_Input material_.
+ + + + +

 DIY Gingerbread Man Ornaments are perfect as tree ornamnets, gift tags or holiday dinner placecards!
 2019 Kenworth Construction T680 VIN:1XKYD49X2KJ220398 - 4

+ + + + +

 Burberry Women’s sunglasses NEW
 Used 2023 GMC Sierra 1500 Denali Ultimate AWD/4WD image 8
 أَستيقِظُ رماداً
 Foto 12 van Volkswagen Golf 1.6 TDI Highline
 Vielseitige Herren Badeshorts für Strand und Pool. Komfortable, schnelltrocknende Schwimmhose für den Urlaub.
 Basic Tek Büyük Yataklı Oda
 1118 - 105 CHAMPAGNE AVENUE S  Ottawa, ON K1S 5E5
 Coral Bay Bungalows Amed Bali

+ + + + +

_Work order_.
Return exactly, and only, the lines above starting at the line that contains "Foto 12 van Volkswagen Golf 1.6 TDI Highline" and ending at the line that contains "Coral Bay Bungalows Amed Bali".

_Answer section_.
 Foto 12 van Volkswagen Golf 1.6 TDI Highline
 Vielseitige Herren Badeshorts für Strand und Pool. Komfortable, schnelltrocknende Schwimmhose für den Urlaub.
 Basic Tek Büyük Yataklı Oda
 1118 - 105 CHAMPAGNE AVENUE S  Ottawa, ON K1S 5E5
 Coral Bay Bungalows Amed Bali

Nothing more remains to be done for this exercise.